Blogger Chap said...

Heh. Ain't that always...the only REAL department head is the teakettle O-4.

Funny how when you get orders to Nav/Weps they tell you how equal you are...until it's slightly inconvenient.

12/26/2007 9:05 PM

Anonymous Anonymous said...

Regarding the equality of department heads issue, when RADM William P. Houley (then COMSUBGRU 2) visited SOAC classrooms--where the desk of each department-head-to-be had a nametag that included the boat and billet he was going to, "Wild Bill" was infamous for going around the room, pointing to each officer, and saying "You will screen for command" (to those going to ENG billets) and "You won't screen for command" (to those going to NAV/OPS or WEPS billets).

This was one of the nicer things for which he was known. He even bragged about it, in between the incessant verbal flogging of his LT aide.

For those interested in a little research, the Admiral's biography is listed in the dictionary under "tool."

12/27/2007 7:40 AM

Anonymous Anonymous said...


Does Myrna still tend bar at the Subase O'Club?

12/27/2007 11:11 AM

Anonymous ex SSN Eng said...

Ah, yes. Wild Bill. A class "A" (so to speak) New Yorker, Houley's bark was actually worse than his bite.

Case in point: the man never served as an Eng himself.

However, Wild Bill accomplished a thing or two as an SSN C.O. during the peak Cold War days, so I'd cut the little guy a little slack.

Also, while I'm in no way a fan of either Houley's abuse (which I've also received my case involving a favorite, on-the-bridge-only leather flight jacket) or the "dolphins + stars = gee-I-must-be-an-asshole-now" mental midgetry that has been all too common in the submarine world, I'd encourage us to not bash even those of that ilk by name here. It just doesn't speak well of those who throw mud by name, plus those so-named would probably still take pride in it, anyway.

Happy New Year, everyone. Remember focus on the good stuff -- there's plenty of it out there in life.

12/27/2007 5:56 PM

Anonymous Anonymous said...

For the record: Wild Bill was Eng on Alexander Hamilton.

He was Big Al Konetzni's CO on Bates when VADM K was Eng.

Opposites must have attracted.

12/28/2007 6:40 AM

Anonymous ex SSN Eng said...

Thank you for the correction. Somehow, Wild Bill being an Eng on a boomer does make a world of sense to me.

12/28/2007 8:38 AM

Anonymous Former SSN JO said...

I'll be getting out mostly because I don't like the politics and crappy quality of life. There are so many things that could be changed, and I've had plenty of folks from my divisions on the boat try to convince me to stay because the "sub force needs officers like me." I don't like the way the politics run, the absolutely terrible QOL, or the IA situation.

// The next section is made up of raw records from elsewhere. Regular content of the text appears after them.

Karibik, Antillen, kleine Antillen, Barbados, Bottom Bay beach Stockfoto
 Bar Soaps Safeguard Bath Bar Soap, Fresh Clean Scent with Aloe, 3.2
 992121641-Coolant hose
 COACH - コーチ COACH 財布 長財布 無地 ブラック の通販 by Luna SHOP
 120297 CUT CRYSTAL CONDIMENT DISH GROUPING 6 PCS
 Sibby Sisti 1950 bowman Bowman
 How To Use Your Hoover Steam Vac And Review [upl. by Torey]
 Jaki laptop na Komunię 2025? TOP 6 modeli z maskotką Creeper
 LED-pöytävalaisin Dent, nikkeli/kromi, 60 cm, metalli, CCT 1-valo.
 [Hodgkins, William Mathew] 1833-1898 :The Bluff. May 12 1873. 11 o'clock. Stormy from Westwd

Honestly, the East Coast subs treat their guys like absolute dog crap. And they wonder why retention sucks...

1/03/2008 9:34 PM

Anonymous ex ssn eng said...

The world appears to be at your I'd counsel you to focus on the good stuff, and let go of any bitterness. You'll always be a (former) submariner.

The clear fact, of course, is that the submarine force doesn't need all of its JOs. If they all stayed in, the Navy wouldn't quite know what to do with itself...except, of course, to let people go on their terms over time.

All the bad stuff -- and let's all be honest, there is plenty of that to go around in the submarine service -- is behind you, so celebrate your upcoming changes, and give thanks for the good times you did have...of which there were one or two, I'm sure.

Shake it off,'re done. From this and any number of other former submariners and/or current civilians, I thank you for your service.